A proposal in Defra’s future farming policy consultation to decouple payments from land eligibility and cross compliance for the next few years is the kind of radical thinking the industry needs, says TFA chief executive George Dunn.
Consensus is a rare phenomenon in discussions around Brexit, however there is a confluence of opinion that whatever happens over the next few years, as a cohort, UK farm businesses need to change.
Tucked away in the Government’s health and harmony consultation there is a mechanism which, if used intelligently, could provide a significant catalyst to the sort of change required.
The consultation document floats the idea of making direct payments to farmers through the agricultural transition period, irrespective of the area farmed.
It goes further, suggesting there would be no requirement for the recipient to remain a farmer and the need for any land eligibility rules or cross compliance could be removed.

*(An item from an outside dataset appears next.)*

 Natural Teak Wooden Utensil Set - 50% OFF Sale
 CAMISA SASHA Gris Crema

The payments would be based on what the applicant received in a reference period and recipients would be unrestricted in terms of how they would use the money.

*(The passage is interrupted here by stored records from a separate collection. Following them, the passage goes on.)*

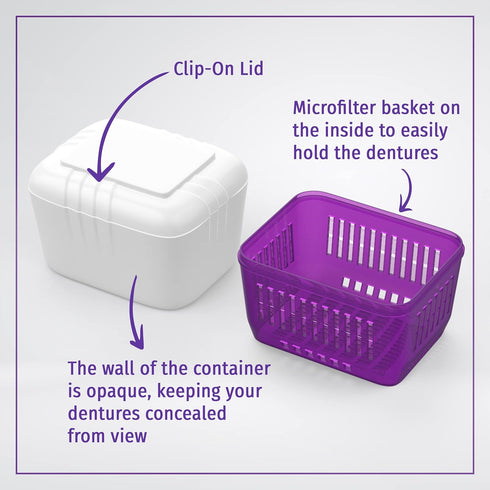 Dentures Cleaner Soaking Bath – Cleaning Container for Dental Appliances’ Solution (Classic)...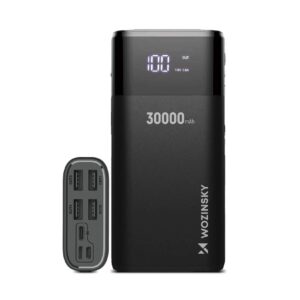 Wozinsky Powerbank 30000mAh Li-Po 4 x USB mit LCD-Display 2 A Ladegerät Schwarz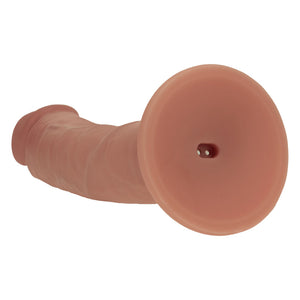 RealRock Dual Density 8 Inch Vibrating Silicone Rechargeable Dildo - Tan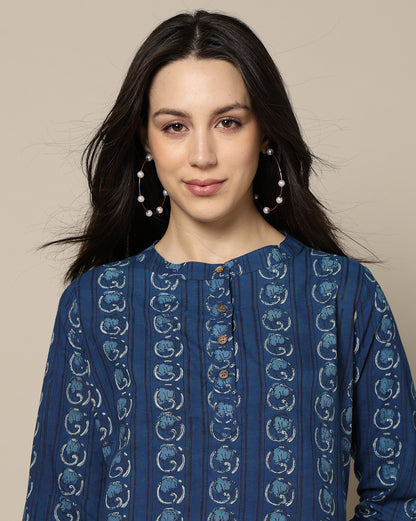 Indigo Dyed Dabu Hand Block Printed Long Kurta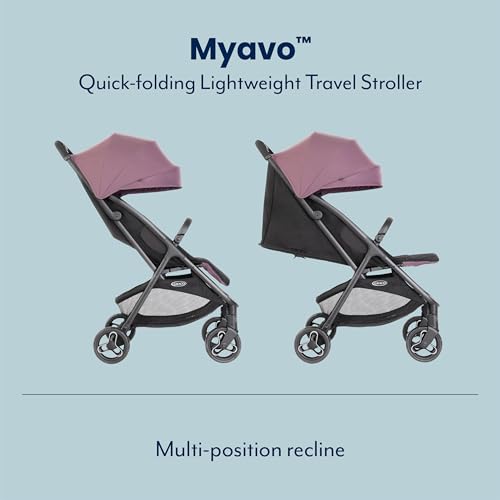 Graco Myavo Compact Stroller/Pushchair with Raincover - Suitable from Birth to Approx. 4 Years (0-22kg). Lightweight at only 5.8kg with a one-Second, one-Hand fold, Mulberry Fashion - Image 5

This is indeed a radical idea but it is far from new. Agricultural economists as far back as the 1960s have advocated the use of fully decoupled compensation payments to facilitate reform in farm policies.

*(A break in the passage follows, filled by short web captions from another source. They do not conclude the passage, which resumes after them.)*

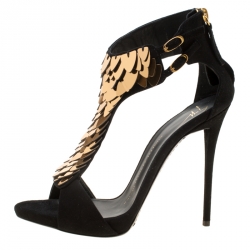 Pre Owned Giuseppe Zanotti Black Suede Coline Sequin Embellished Sandals Size 37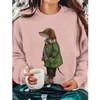 Frauen Hoodies Pullover Rundhals Langarm Top 3D Gedruckt Cartoon-Muster Pullover Amerikanischen Retro Herbst Und Winter Hoodie 2024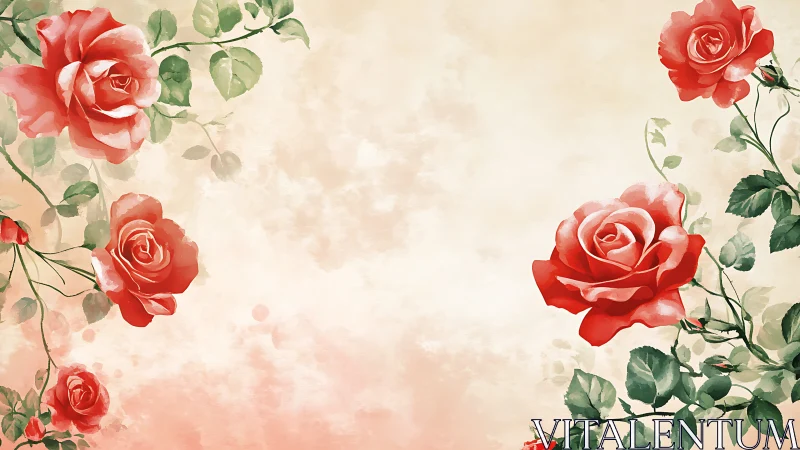 Red Roses Blooming Against Soft Cream Background.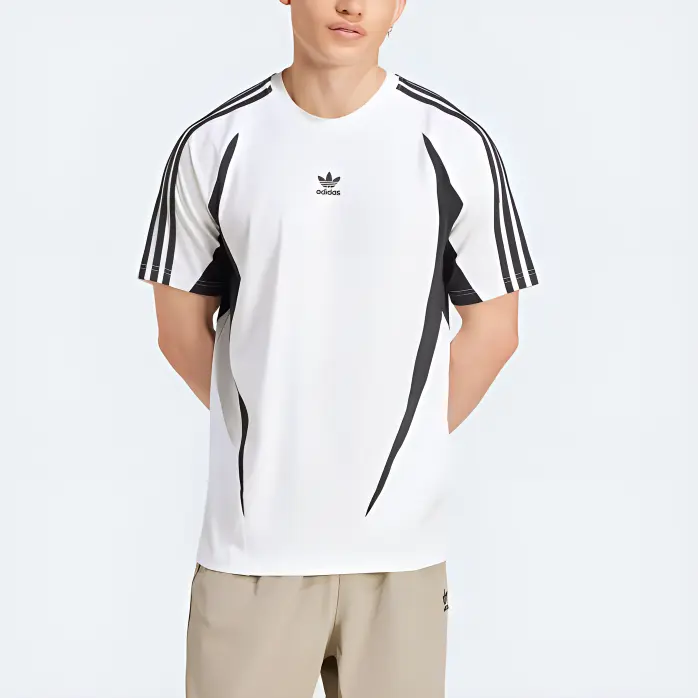Архив Футболка с вышитым трилистником Adidas, белый/черный — фото 2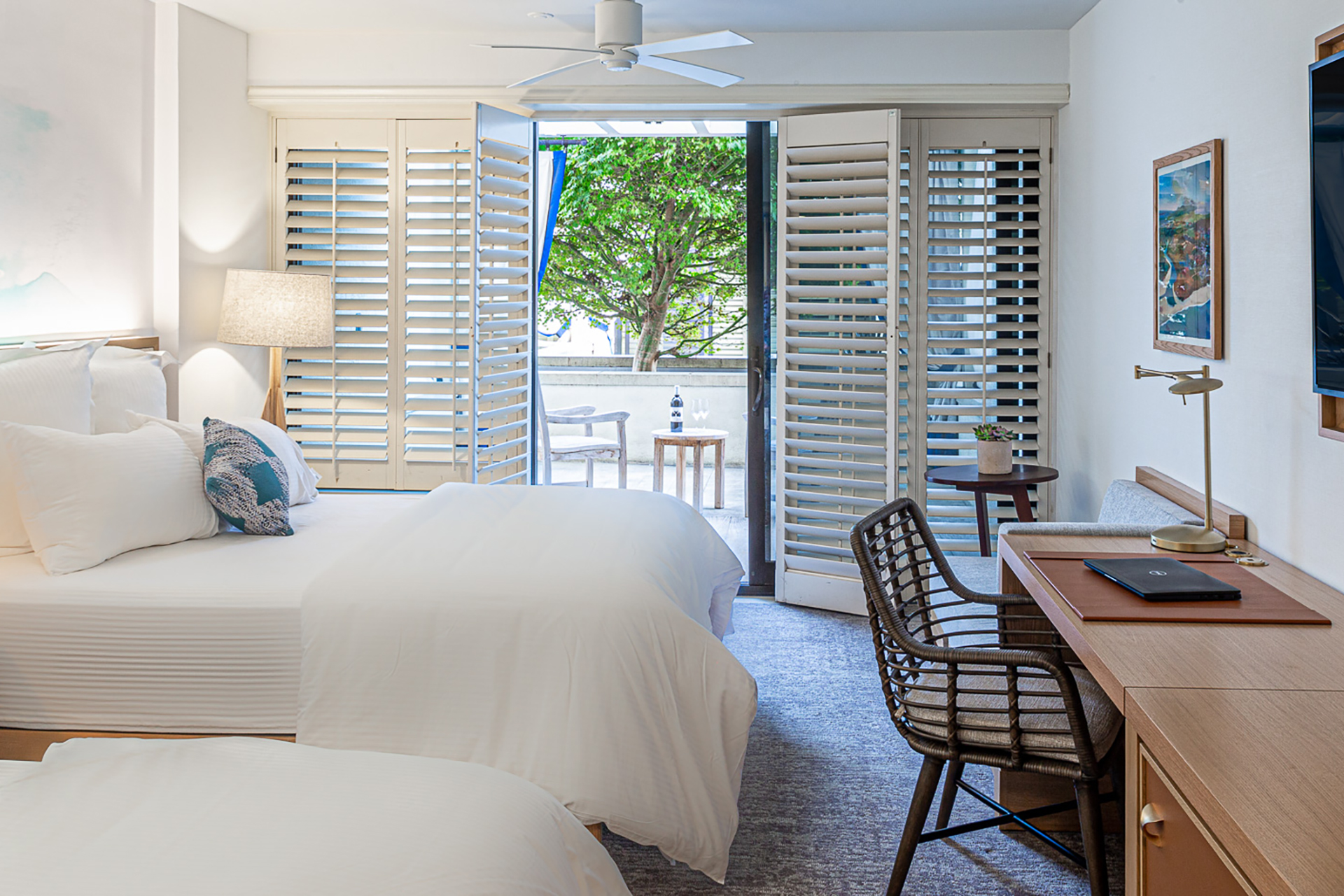 Courtyard queen bedroom.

The idea had particular resonance in 1991 in a report commissioned by the Land-Use and Food Policy Inter-Group of the European Parliament authored by the renowned economist Stefan Tangermann.
Prof Tangermann proposed that rights to future compensation payments could be vested in a bond which could either be retained by the recipient of the bond or traded in financial markets for a capital sum.
This idea was taken no further then, but for such a time as this could have significant advantages.
A decoupled payment issued in the form of a bond, tradeable for a capital sum, could allow the recipient to use the capital receipt to assist with on-farm investment to help drive productivity and profitability, investment into on-farm diversified activity or investment off farm.
For tenant farmers, particularly those on older secure tenancies, a bond could also unlock the possibility of a housing solution for future retirement or, coupled with a payment for a tenancy surrender from a landlord, form part of a more immediate move into retirement.